So this weekend my idle started hunting. I was pretty sure I had sprung a leak somewhere that was opening and closing a miniscule amount while the car vibrated at idle.

My idle would go from 1000 RPM (where I have it set) to about 1900 RPM for a few seconds and then settle back down again. Whatever, drove the car for 300 miles anyway. Only time when it became an issue was at stop lights and trying to get through the free bridge traffic jam between NJ and PA - and then it was just an added annoyance.

When I got home I did not find anything obviously wrong. I plugged my laptop in to see if my IAC had gone out of compliance. It was fine but I noted my "coolant" temps were all over the place.

Coolant sensor for me is the stock location head temp sensor, plugged into my ECU.

Are these things known for failing? Mine was giving readings with a 100+ degree swings every few seconds (I'm guessing cutting out), and my idle air valve was opening and closing trying to keep up, hence the idle hunting.

Zach
mgphoto
Could be distributor advance mechanism malfunctioning?
VaccaRabite
QUOTE(mgphoto @ Sep 19 2022, 11:06 AM) *

Could be distributor advance mechanism malfunctioning?

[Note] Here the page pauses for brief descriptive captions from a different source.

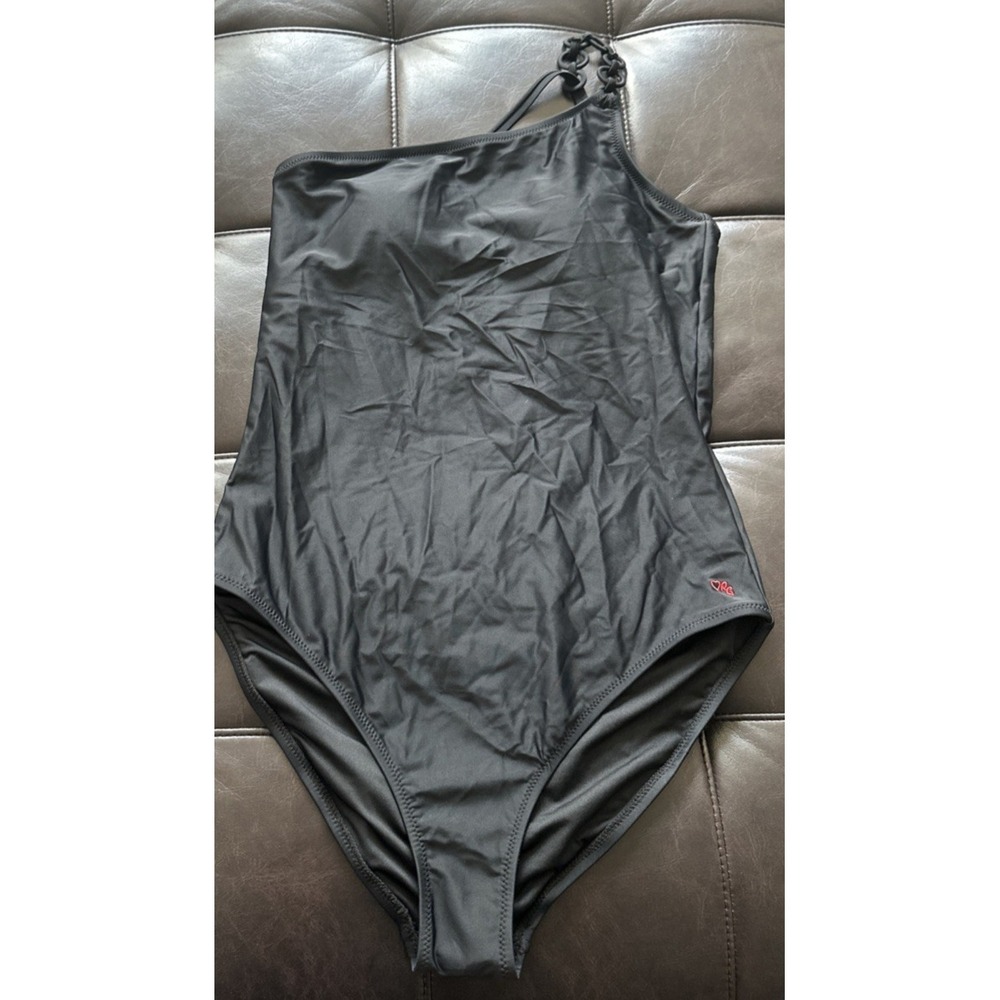 Robert Graham Size 12 One Piece‎ Chain Link Asymmetrical Swimsuit Black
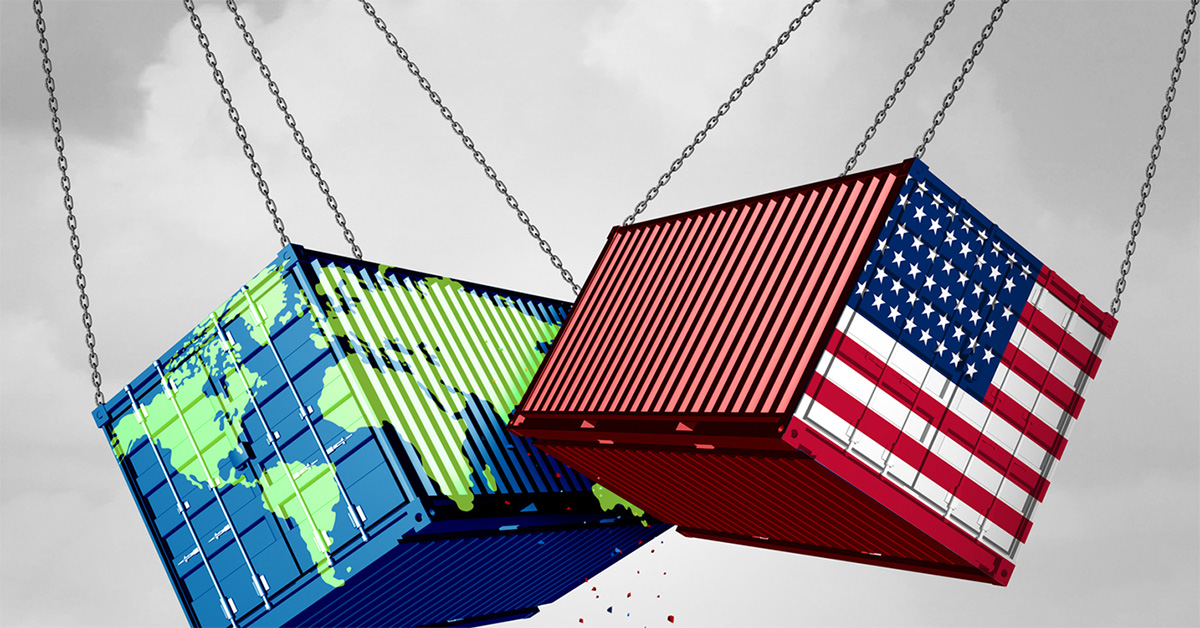 Conceptual image of trade war: Two cargo containers collide middair, one with US flag and the other with picture of the globe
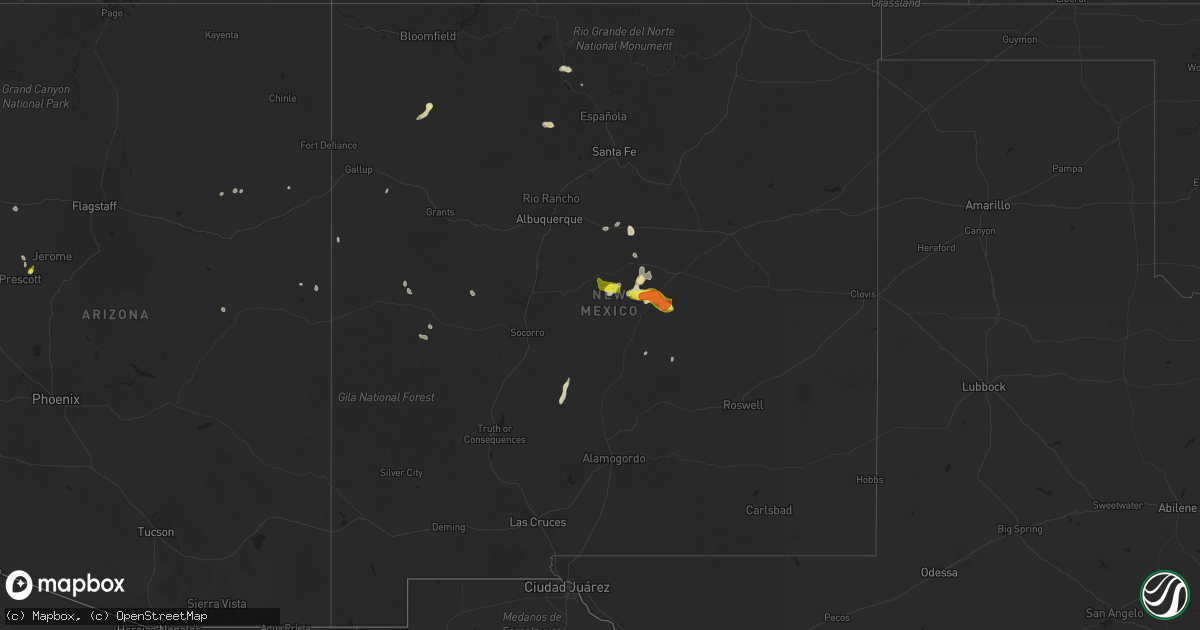 Hail map in New Mexico on July 23, 2021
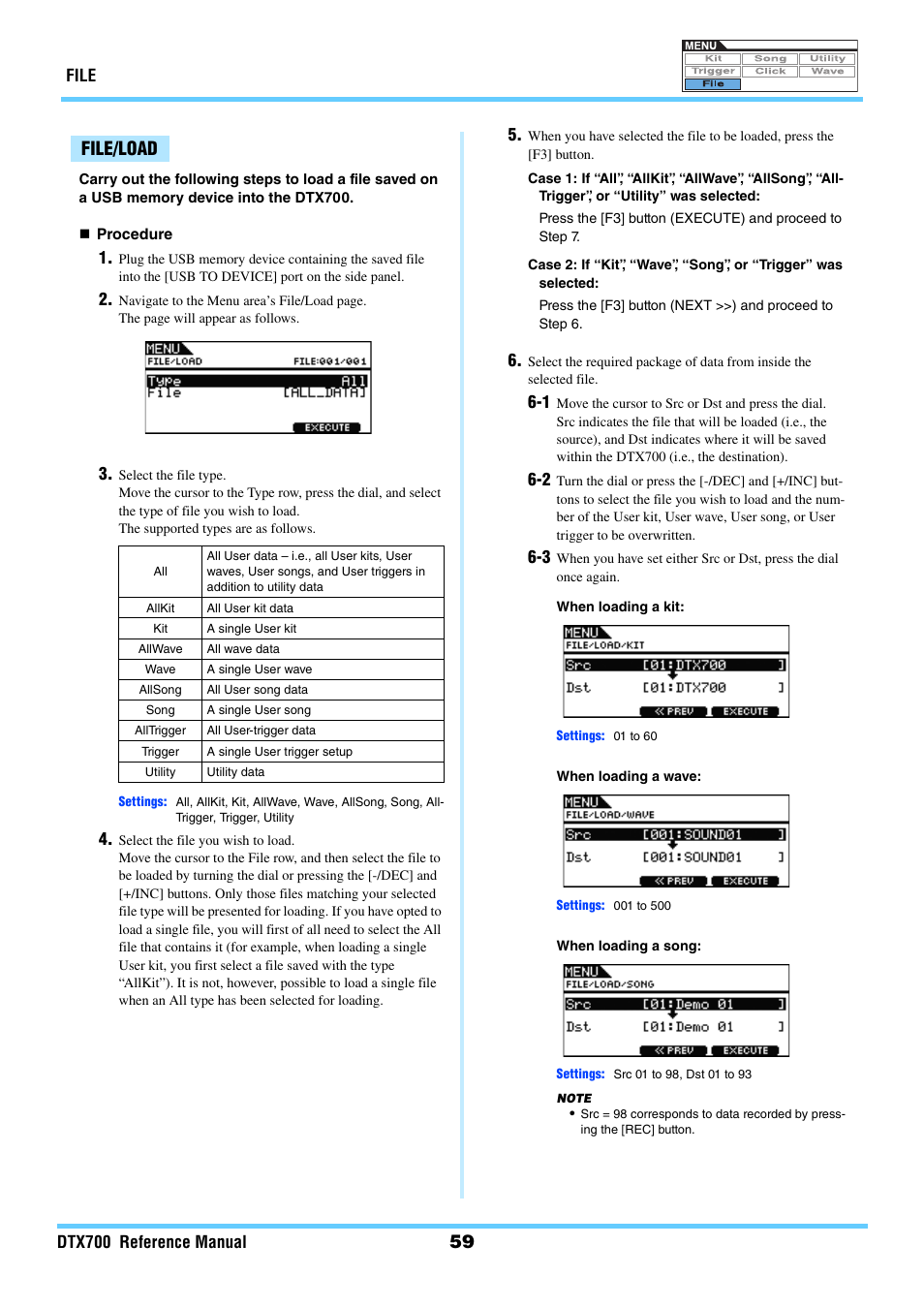 File/load, Load | Yamaha DTX700 User Manual | Page 59 / 69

I don't have a distributor. Crank fire.

In this case, I can pretty much narrow the hunt to the sender, the wires, or the connectors, as I was watching the garbage temp data being sent to the ECU over my laptop. The ECU uses that temp data to run the idle air control valve which is the prime driver for idle speeds - assuming you don't have a leak.

Zach
emerygt350
QUOTE(VaccaRabite @ Sep 19 2022, 09:51 AM) *

QUOTE(mgphoto @ Sep 19 2022, 11:06 AM) *

Could be distributor advance mechanism malfunctioning?

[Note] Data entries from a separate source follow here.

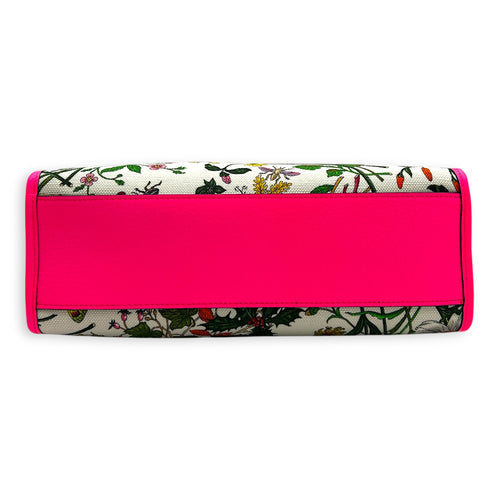 Floral Top Handle Bag White in Canvas, Gold hardware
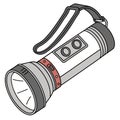Camping portable flashlight isolated over white transparent background Royalty Free Stock Photo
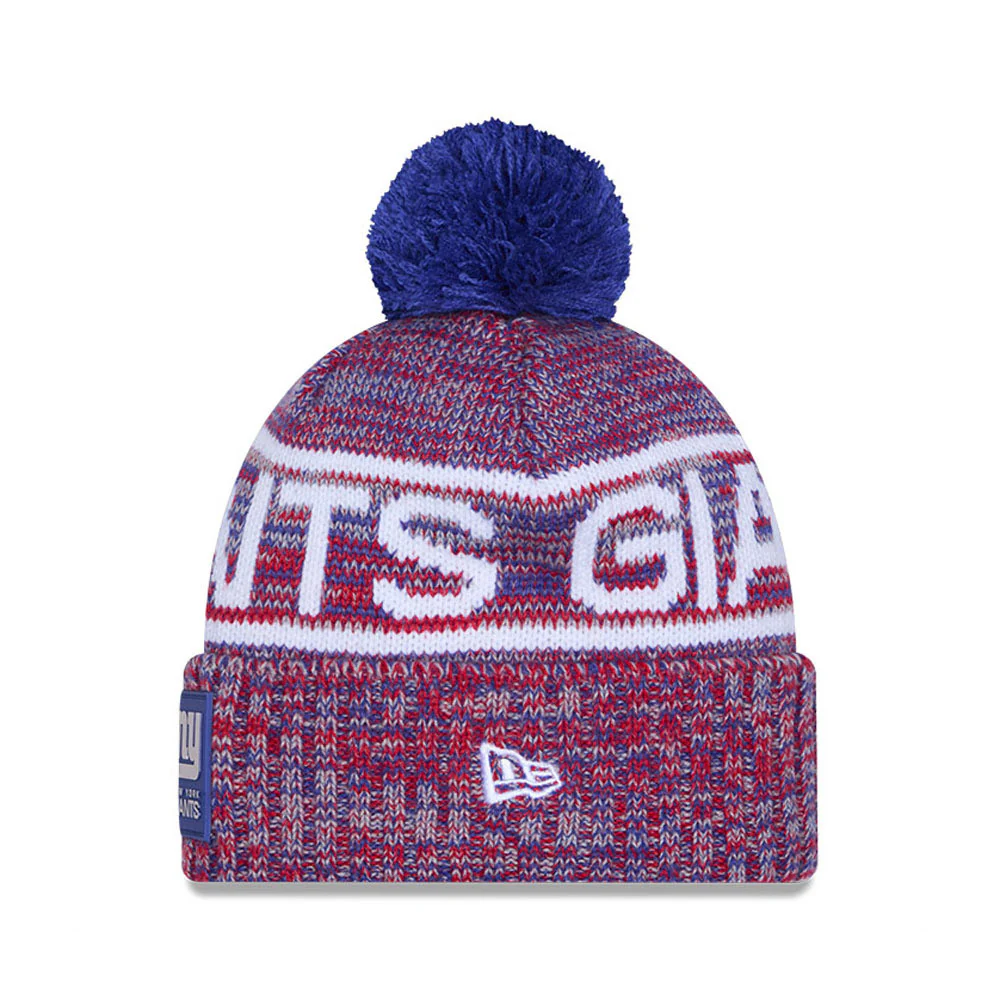 New York Giants New Era 2025 Sideline Cold Weather Cuffed Knit Hat with Pom - Image 2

I don't have a distributor. Crank fire.

In this case, I can pretty much narrow the hunt to the sender, the wires, or the connectors, as I was watching the garbage temp data being sent to the ECU over my laptop. The ECU uses that temp data to run the idle air control valve which is the prime driver for idle speeds - assuming you don't have a leak.

Zach


I wonder if it could be a weak connection? It's just measuring resistance on that wire...
GregAmy
The 914 engine will generally hunt at idle when it's too lean.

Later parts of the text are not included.